Using crawl rule, we can allow or restrict specific paths/URL to be crawled. By doing this, you are making sure only specific and relevant content is crawled by the search engine. You can also specify alternate credential to include the crawl path. There’s much more… Let’s go in details.
What you can do with crawl rules?
- Restrict content from being crawled: e.g. If you want to crawl the Site collection (http://servername/sites/ParentSite) but not subsites (http://servername/sites/ParentSite/subsite), you can create a crawl rule
- Crawl content that might have excluded using the rule: e.g. If you want to exclude crawling the Site collection (http://servername/sites/ParentSite) but want to include subsites (http://servername/sites/ParentSite/subsite), you can create a crawl rule
- Use an alternate account to crawl the content: If any site needs different credentials to be crawled than the default credentials, you can specify the credentials.
- Rule Order: If there are multiple rules matching the URL/Path, you can set the order of the crawl.
Note: The order of the crawl rule is very important, the first rule in order which matches the URL, will be applied to that URL
The step-by-step process of configuring crawl rules in search service application
- Go to Central administration >> Application Management >> Manage service applications
- Click on your Search service application
- On the left-hand side of the page >> click on Crawl Rules
- You will find a window to Manage Crawl Rules. Click on New Crawl Rule to create a Crawl Rule.
- Path: Specify the path over here. The crawl rule is going to affect this path. You can use wild card characters in the path.
Use regular expression syntax for matching this rule: You can use this option to use regular expressions over here instead of wild card characters
- Crawl Configuration: Select this option to decide whether to include or exclude the items in the Content index.

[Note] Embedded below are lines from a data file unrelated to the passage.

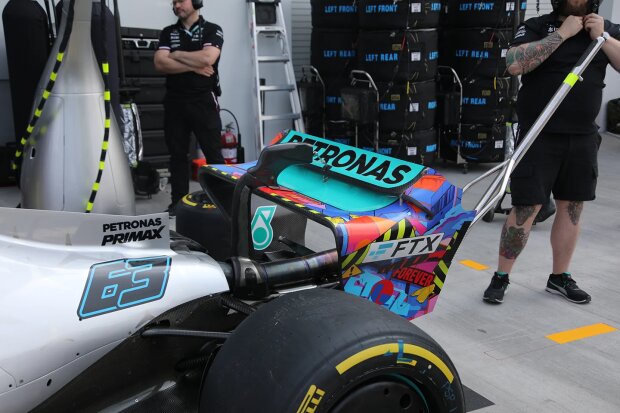 ~Mercedes W13~ ~Mercedes W13~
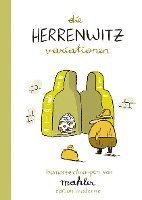 bokomslag Die Herrenwitz-Variationen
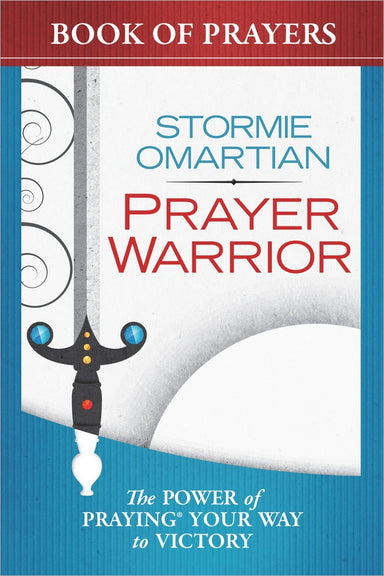 Image of Prayer Warrior Book Of Prayers other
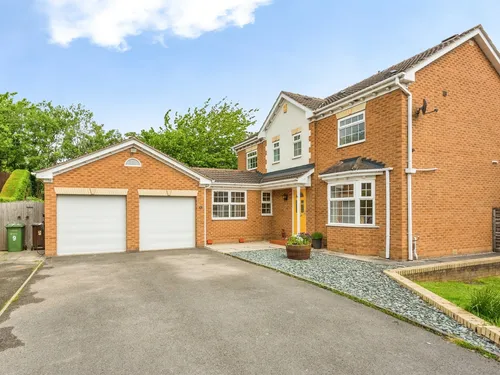 Lawns Court, Carr Gate, Wakefieldphoto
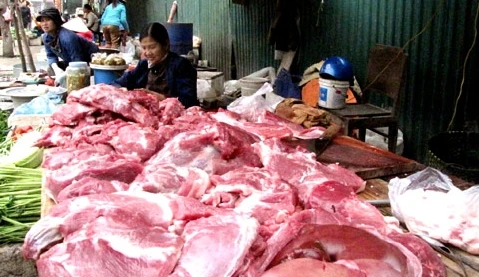 Khó kiểm soát thực phẩm nhiễm chất cấm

- Exclude all items in this path: Select this option if you want to exclude all items from the path specified. Additionally, you can refine your exclusion criteria using the below option.
- Exclude complex URLs (URLs that contain question marks - ?): The system will exclude the URL from crawling which includes question mark – (?) notation.
- Include all items in this path: This will include all the items matching the path specified above. Additionally, you can refine your inclusion criteria using the below options
- Follow links on the URL without crawling the URL itself: If you select this option, the URLs/pages on the specified path, will not be crawled but all the links placed inside these URLs/pages will be crawled.
- Crawl complex URLs (URLs that contain a question mark -?) If you select this option, the URLs with a question mark (?) will be included as part of crawl process.
- Crawl SharePoint content as http pages: When the SharePoint content is crawled as HTTP pages, item permissions are not crawled/stored. So, there will not be any ‘Permission Check’ when the search results are displayed to the end-user.
- Specify Authentication: Specify the details regarding Authentication which will be set for this crawl rule.
Note: This option will be disabled unless you select Include all items in this path in the above steps.
- Use the default content access account: Default access account will be used to access/crawl the path specified
- Specify a different content access account: You can specify Account and Password if you want to access the content specified in the path with different credentials. You can tick Do not allow Basic Authentication if you want to avoid Basic Authentication. The system will go for NTLM authentication.
- Specify client certificate: For authentication, you can also use a client certificate. You can select the certificate from the drop-down menu.
- Specify form credentials: If you want to use Forms-based authentication, you can specify the URL of the page (form) to enter credentials. When you add form URL and click Enter Credentials, it will open the page and will ask to enter the credentials. You can then add credentials which will be used to access the content on the specified path.
- Use cookie for crawling: If you want to use a cookie for crawling, select Obtain cookie from URL. You can optionally select Specify cookie for crawling to import cookie from the local file system. You can also specify error page in the textbox.
- Anonymous access: Use this option to access the resource on the Path specified above using anonymous access.
Test a Crawl rule on a URL
- From Central Administration, go to Manage Crawl Rules Page.
- Enter the URL and click on the Test button to get the matching rule for that URL
- As shown in the screenshot above, you can see there’s one rule that matches the URL and the matching rule will be placed (*) before the Rule.
- You can also set the order of the rules from the Order column directly.
Conclusion
We went through the step-by-step process of creation of Crawl Rule and testing the site URL against crawl rules. This process was tested in a SharePoint 2013 On-premises environment.